Artist: Exekias (c. 530 BCE)
The use of iron oxide, or "rust" as it is commonly known, as a pigment is ancient. In fact, it is one of the oldest colorants in human history. It is found in the earliest cave paintings and in shells and cups as a residue of body paint, used by peoples who lived tens of thousands of years ago. It is found as solid minerals and also as iron rich clay, occurring in many variations, taking the colors of red, yellow, orange, green, grey and black. In the Iron Age, workers learned to produce some of these oxides directly, as byproducts of the forging process. Of course, until relatively recently it was not known that these were "oxides," only that they were colorant materials associated with iron.

The three most common forms all occur as dark grey or black mineral, but each possesses distinctive properties. "Wüstite" (FeO) is often found in meteorites, "hematite" (Fe2O3) forms a red powder when scraped, appearing to bleed, hence the name and finally, "magnetite" (Fe3O4), which is magnetic. These oxides can occur chemically bound with water, as mixtures and in different crystal structures, forming a family of compounds. The iconic red and black pottery of the Greeks was colored with iron oxide; the red (or orange) was hematite and the black was magnetite. Chinese "celadon" glaze is a green-blue that resembles jade; it is derived from an iron oxide (FeO), which does occur in nature as wüstite, but in this case forms chemically in the potters kiln.

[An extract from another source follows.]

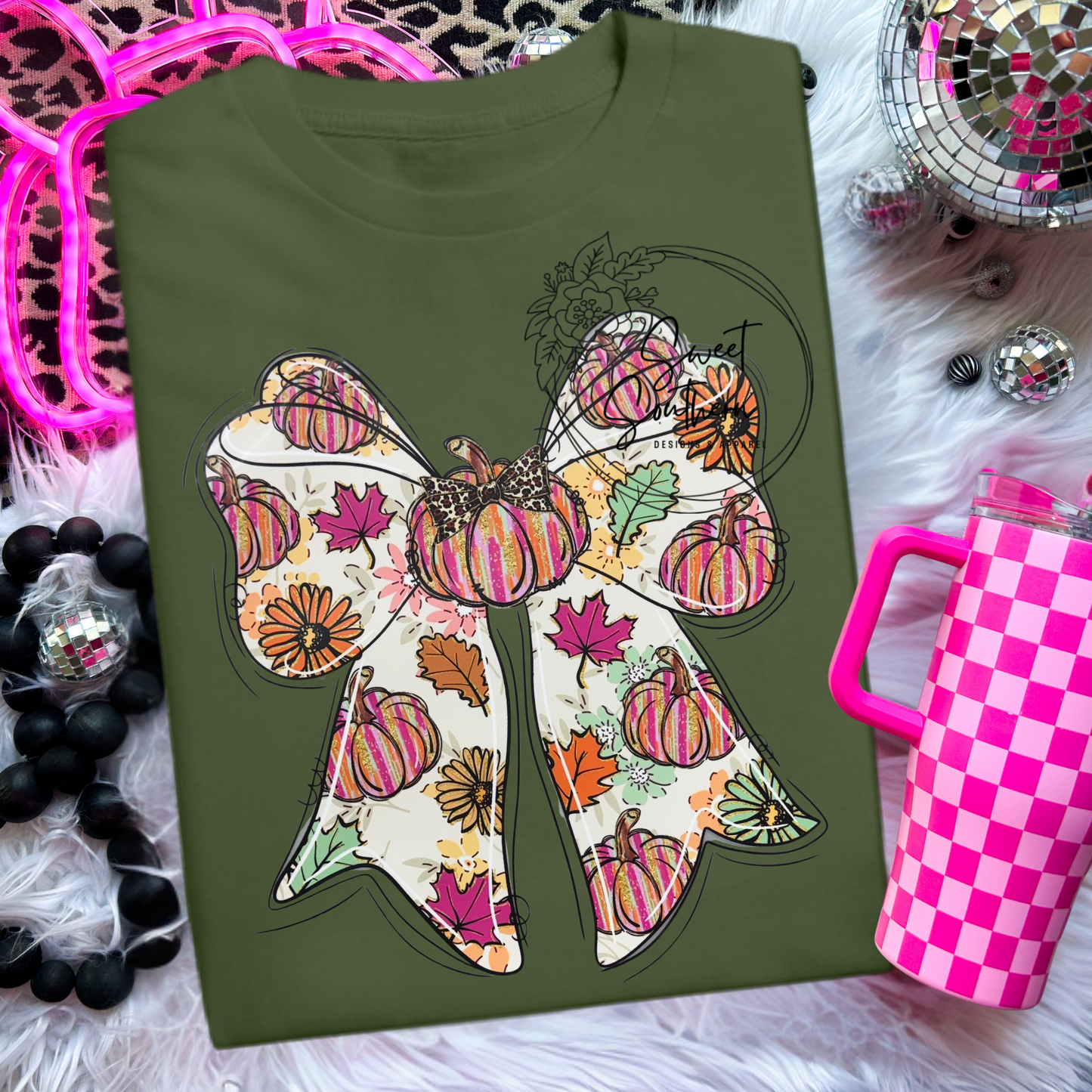pumpkin bow shirt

Iron, as a pigment in glass, can be responsible for several different colors, notably green and according to Antonio Neri also red. Today red from iron is common in pottery glazes, but not in glass. In his 1612 book, L’Arte Vetraria, Neri does not offer a specific recipe for iron red, but in chapter seventeen he teases us with this passage:
This second way to make crocus martis although very easy should not be disparaged, but rather highly regarded, since crocus produced this way causes the glass to appear a rather bright blood red.
Crocus martis was the alchemical name for the red oxide of iron (Fe2O3). Neri’s iron red may depend on making a suspension of the finely ground powder in the glass. It is questionable how stable it would be in the furnace; eventually the powder would dissolve in the glass turning it transparent green. But as mentioned above, this oxide is successfully used in red pottery glazes. For glassmakers in the seventeenth century, not iron but copper was the most common pigment for producing red, yet here he presents us with an intriguing alternative. However basic crocus martis might be, Neri holds it in great esteem, using his alchemical reasoning to explain that it has the power to expose colors which are usually hidden in the glass. He continues:
The way to make it is like this: Obtain some iron filings, although steel is better if you are able to get it. Mix it well in a terracotta oven-pan with strong vinegar, which is sprinkled only until it is moist throughout. Now spread it out in the pans, and put it in the sun to bake. When the sun is clouded, leave it in the open air to dry. Now turn it into powder. If it leaves any hard lumps, sprinkle and moisten them with new vinegar, leave it to dry again and then pulverize, as above. This work should be repeated eight times, then grind and sift it through a fine sieve, which will make a very fine powder the color of brick dust. Store this in well sealed vessels for use in the coloring of glass.
From this prescription, we can guess that he was producing a mixture of hematite and iron acetate. The fact that iron does not appear as a red pigment in other glassmaking references makes his statement something of a mystery, perhaps to be solved by engaging our glassmaker's own favorite activity: experimentation.